Cosmic Impact and the Younger Dryas

Evidence published by South African researchers late in 2019 in the journal Palaeontologia Africana offers powerful new support for the once controversial notion that the great megafauna extinction event now called the ‘Younger Dryas,’ was caused by a cosmic impact event (https://phys.org/news/2019-10-hypothesis-asteroid-contributed-mass-extinction.html).

For many years ‘catastrophists,’ such as German scientist/engineer Otto Muck, argued that a cataclysmic episode—perhaps a hit from a large meteor or comet—about 12,000 years ago led to the destruction of an advanced civilization on Earth, while killing off the woolly mammoths, and sending humanity back to the stone age. From the Bible to Plato, innumerable ancient accounts have described immense catastrophes, but, until recently, academic science has rejected the notion that anything like that could have happened on Earth for at least millions of years.

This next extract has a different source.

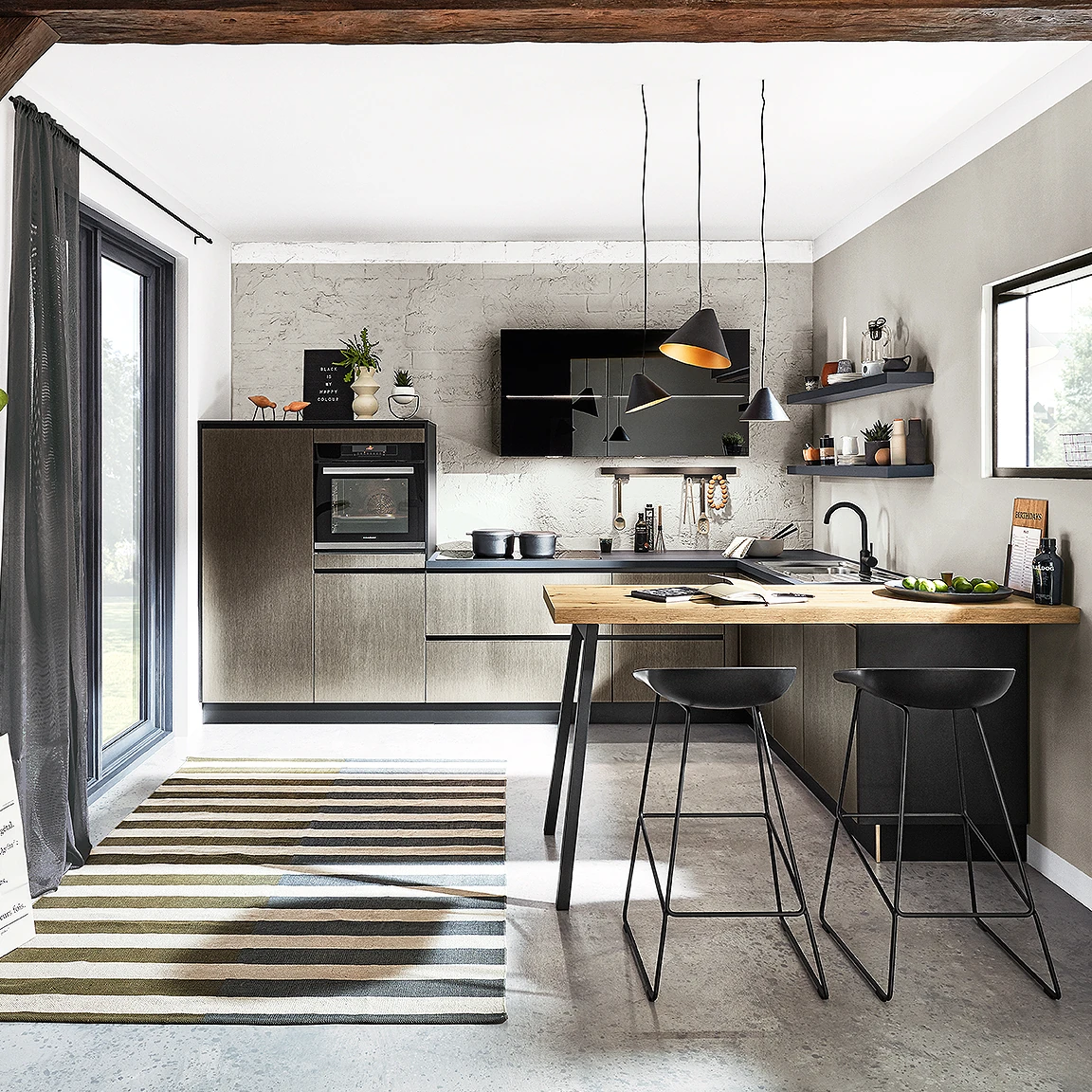 STEEL GL METALLIC - Cuisine en acier brossé style industriel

But, then, in 2018, the discovery of an enormous crater beneath the Hiawatha glacier in Greenland offered  long-sought evidence of an impact that could have destroyed any civilization, including Atlantis, that might have existed then. According to Plato, the lost continent went down around 12,800 years ago, the same time we now assign to the Younger Dryas event.

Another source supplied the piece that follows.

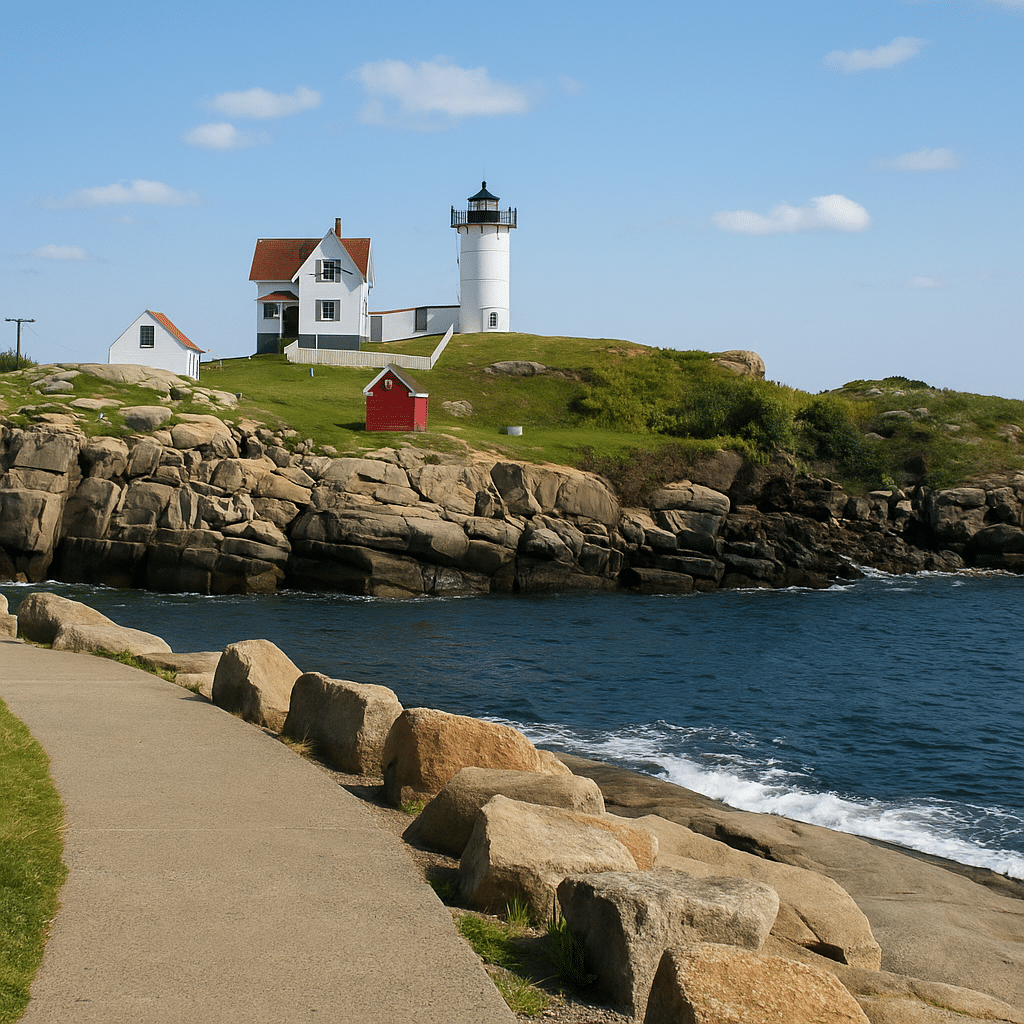 Iconic Nubble Light with rocky shoreline and ocean views, representing York – Beaches, a Cliff Walk, and a Giant Taffy Store.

At a site called Wonderkrater in the Limpopo Province, north of Pretoria, South Africa, a team, led by Professor Francis Thackeray of the University of the Witwatersrand in Johannesburg, discovered that samples taken from a 12,800-years-old deposit of peat brought up from the bottom of ‘White pond,’ showed significant anomalous traces—a “spike”—of platinum.

“Our finding at least partially supports the highly controversial Younger Dryas Impact Hypothesis (YDIH),” said Thackeray, observing that meteorites are rich in platinum. “We seriously need to explore the view that an asteroid impact somewhere on earth may have caused climate change on a global scale, and contributed to some extent to the process of extinctions of large animals at the end of the Pleistocene, after the last ice age.” In North America, South America, and Europe, many mammals vanished from the fossil record at the time.

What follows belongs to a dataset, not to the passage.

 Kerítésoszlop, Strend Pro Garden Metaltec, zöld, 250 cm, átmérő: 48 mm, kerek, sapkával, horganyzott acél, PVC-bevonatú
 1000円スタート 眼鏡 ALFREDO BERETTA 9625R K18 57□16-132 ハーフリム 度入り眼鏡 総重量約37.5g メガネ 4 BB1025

Though avoiding any mention of lost civilization, the researchers concede that, in the Younger Dryas, even human populations may have been affected by cosmic impacts, albeit indirectly. In North America, for example, a dramatic termination of the stone tool technology of the Clovis people was noted. The abrupt end of much more sophisticated societies of that time, like Turkey’s Gobekli Tepe, remains a mystery.